In any case, Amazon’s well-known penchant for efficiency, discounting—and in particular its demonstrated track record of skipping short-term profits in order to build market share—are all things likely to keep pharmacy operators awake at night. And consumers’ well-known dissatisfaction with the state of American healthcare (prescription drugs included) is not only a likely contributing factor to the changes going on at both CVS and Walgreens, it’s also setting the stage for Amazon’s possible entry.

“These are scary times for pharma chains,” Winder said. “Any time Amazon even looks at a category, you shake. They don’t mess around.
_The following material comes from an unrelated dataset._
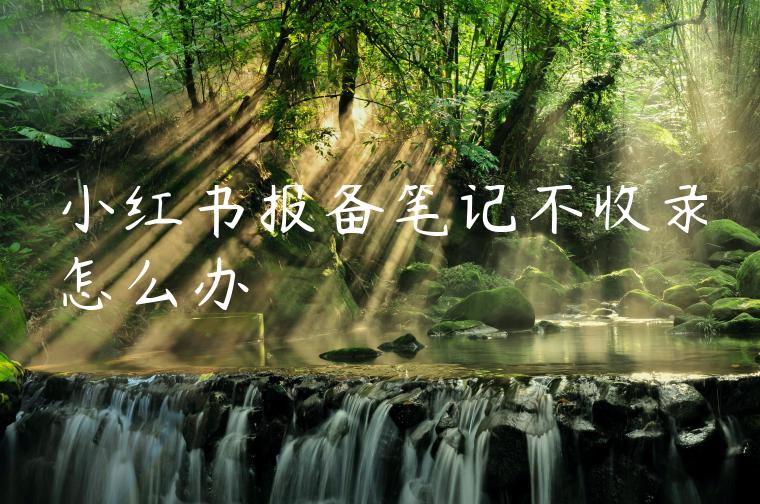 小红书报备笔记不收录怎么办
So [Walgreens] has to do something.”

“This entire space—drugs, pharmacies, insurance and medical care—is ripe for massive disruption, because it’s dysfunctional on so many levels,” added Adamson. “The bureaucracy is the perfect case for someone like Amazon to come in and say, ‘Does it need to be this hard to fill a prescription?’”

Amazon obviously makes news anytime it turns its head but, for his part, bestselling author and business futurist Seth Godin believes that the focus on Amazon may be beside the point when it comes to the changes pharmaceutical chains are making, and need to make.

“Amazon is an easy go-to for investors and the media to pin a moment on,” he said, “but the essential drivers in the business aren’t going to change anytime soon.” Consumers are pining for “both trust and attention,” Godin says, and both are becoming scarcer. Restoring those attributes will build stronger brands, he said, while “shortcuts in service, standards and quality are a race to the bottom and aren’t the way to build a brand, not anymore.”